Data foundation: how Frontier Agents use “knowledge” in Noreja
To ensure Frontier Agents don’t work in isolation, they rely primarily on the knowledge and data building blocks provided by Noreja. In particular, they draw from three core sources:
Event Knowledge Graph
The Event Knowledge Graph is the central foundation for process intelligence: it stores all process models. Frontier Agents use these models to understand process flows, identify variants, interpret deviations, and assess the impact of changes.
Uploaded context (documents)
Users can also provide documents as context — for example policies, work instructions, audit evidence, definition catalogs, SLAs, or process descriptions. Frontier Agents use this context to interpret analyses correctly (e.g., “What counts as a violation?” or “Which KPI definition applies?”) and to present results in your organization’s language.
Central Knowledge Graph (tool functions, features, capabilities)
The Central Knowledge Graph contains information about Noreja’s tools, features, and functionality. This enables Frontier Agents not only to produce insights, but also to explain how to implement them in Noreja — for example which analysis, feature, or modeling option best fits the solution.
With these three sources, Frontier Agents can work in a way that is process-aware, context-sensitive, and deeply integrated into the platform — rather than producing generic statements.
First Frontier Agents
1) Analyst Andy
Focus: Monitor process performance, identify root causes of deviations, propose optimization opportunities.
Analyst Andy continuously tracks the performance of your processes and detects when metrics such as lead time, waiting times, rework, cost, or SLA compliance change noticeably. But Andy doesn’t stop at highlighting deviations: he identifies likely root causes (e.g., specific variants, bottlenecks, workload spikes, or systematic loops) and derives concrete opportunities for improvement.
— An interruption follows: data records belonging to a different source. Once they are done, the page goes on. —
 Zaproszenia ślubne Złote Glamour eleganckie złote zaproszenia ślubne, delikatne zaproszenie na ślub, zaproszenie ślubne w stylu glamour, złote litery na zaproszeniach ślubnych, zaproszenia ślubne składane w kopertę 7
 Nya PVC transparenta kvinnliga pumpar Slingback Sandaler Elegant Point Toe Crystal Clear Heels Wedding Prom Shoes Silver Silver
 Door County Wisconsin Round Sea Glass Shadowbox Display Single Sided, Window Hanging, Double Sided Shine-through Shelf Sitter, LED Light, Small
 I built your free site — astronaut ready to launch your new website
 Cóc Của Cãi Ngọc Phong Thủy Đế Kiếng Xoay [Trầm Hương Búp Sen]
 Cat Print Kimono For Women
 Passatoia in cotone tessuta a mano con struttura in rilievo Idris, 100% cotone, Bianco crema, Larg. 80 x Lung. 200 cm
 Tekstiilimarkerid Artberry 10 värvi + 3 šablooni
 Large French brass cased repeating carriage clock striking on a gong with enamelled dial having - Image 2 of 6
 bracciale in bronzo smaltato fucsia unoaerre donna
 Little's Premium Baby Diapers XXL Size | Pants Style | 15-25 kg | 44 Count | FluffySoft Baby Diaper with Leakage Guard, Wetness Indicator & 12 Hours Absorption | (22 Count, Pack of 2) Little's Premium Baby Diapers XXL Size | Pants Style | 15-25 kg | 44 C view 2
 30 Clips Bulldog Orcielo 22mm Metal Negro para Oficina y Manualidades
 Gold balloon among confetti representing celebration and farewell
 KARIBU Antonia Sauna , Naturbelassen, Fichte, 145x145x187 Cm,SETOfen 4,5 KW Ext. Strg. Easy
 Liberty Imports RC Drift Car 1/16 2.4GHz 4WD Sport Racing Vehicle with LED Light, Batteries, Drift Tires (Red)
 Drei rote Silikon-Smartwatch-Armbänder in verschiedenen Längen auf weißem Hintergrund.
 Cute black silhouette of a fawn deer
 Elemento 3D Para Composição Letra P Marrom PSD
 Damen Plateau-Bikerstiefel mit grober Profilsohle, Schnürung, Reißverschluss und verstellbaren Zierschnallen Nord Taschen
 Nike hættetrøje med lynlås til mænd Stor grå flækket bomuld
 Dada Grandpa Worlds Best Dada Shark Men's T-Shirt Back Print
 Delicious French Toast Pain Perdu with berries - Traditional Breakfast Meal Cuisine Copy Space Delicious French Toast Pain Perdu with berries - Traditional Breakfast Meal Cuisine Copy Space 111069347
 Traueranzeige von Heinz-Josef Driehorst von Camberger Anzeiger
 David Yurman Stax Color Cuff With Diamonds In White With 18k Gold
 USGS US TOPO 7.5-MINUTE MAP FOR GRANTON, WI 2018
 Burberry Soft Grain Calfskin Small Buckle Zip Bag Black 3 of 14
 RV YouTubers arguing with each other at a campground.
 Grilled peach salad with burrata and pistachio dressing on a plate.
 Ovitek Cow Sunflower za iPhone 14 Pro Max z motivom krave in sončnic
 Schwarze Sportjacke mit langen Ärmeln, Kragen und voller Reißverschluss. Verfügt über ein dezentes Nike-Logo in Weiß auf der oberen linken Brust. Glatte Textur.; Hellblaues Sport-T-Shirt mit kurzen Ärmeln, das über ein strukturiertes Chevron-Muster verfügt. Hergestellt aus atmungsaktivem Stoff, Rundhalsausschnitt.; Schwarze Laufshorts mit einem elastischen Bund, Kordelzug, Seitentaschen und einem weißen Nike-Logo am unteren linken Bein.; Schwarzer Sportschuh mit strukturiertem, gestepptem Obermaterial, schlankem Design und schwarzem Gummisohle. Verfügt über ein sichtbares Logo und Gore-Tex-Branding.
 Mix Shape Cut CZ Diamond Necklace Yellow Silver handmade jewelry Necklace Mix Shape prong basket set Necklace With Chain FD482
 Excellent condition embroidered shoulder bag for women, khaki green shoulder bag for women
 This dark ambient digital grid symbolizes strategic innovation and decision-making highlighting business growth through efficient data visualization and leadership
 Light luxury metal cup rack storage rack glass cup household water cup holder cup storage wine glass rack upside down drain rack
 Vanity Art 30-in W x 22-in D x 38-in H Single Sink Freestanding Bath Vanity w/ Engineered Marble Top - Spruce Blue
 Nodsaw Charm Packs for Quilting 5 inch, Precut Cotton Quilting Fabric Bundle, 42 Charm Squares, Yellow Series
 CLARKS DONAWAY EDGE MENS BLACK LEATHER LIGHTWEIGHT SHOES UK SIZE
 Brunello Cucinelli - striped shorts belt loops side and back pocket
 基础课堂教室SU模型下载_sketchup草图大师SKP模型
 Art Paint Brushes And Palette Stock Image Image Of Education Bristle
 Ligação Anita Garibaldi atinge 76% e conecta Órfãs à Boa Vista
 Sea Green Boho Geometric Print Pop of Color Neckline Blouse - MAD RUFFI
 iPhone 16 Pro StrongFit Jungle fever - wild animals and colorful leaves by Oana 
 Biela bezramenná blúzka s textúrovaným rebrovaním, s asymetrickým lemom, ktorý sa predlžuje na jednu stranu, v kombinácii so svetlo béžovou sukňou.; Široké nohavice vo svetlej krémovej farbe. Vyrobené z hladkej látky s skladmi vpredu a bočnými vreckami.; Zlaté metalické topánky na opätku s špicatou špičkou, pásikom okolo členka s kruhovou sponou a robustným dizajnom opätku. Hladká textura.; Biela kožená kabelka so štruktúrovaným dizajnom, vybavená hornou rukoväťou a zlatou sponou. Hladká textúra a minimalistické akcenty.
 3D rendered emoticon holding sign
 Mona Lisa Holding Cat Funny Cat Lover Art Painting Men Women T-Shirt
The goal is to help teams not only react when something “breaks,” but to receive early guidance on what is changing and why.
2) Builder Benny
Focus: Suggest changes to the process model, detect schema changes, monitor data imports and their performance.
Builder Benny supports teams where processes and data evolve continuously. He suggests updates or improvements to the process model when new variants appear or when existing modeling assumptions no longer match reality. In addition, Benny helps detect schema changes in your data sources early (e.g., new fields, changed formats, renamed attributes) and monitors data imports and their performance. This reduces the risk that analyses silently degrade because the underlying data has changed — and gives teams fast, actionable guidance on what needs to be adjusted.
3) Compliance Conny
Focus: Monitor compliance topics, validate execution against context data, produce compliance reports for stakeholders.
Compliance Conny specializes in governance and compliance. She monitors defined compliance requirements and validates actual process execution against contextual information — for example policies, audit criteria, or mandatory process steps described in uploaded documents. Conny flags anomalies (e.g., missing approvals, incorrect sequences, unauthorized variants) and generates compliance reports for stakeholders — clear, traceable, audit-friendly, and written in the context of your organization.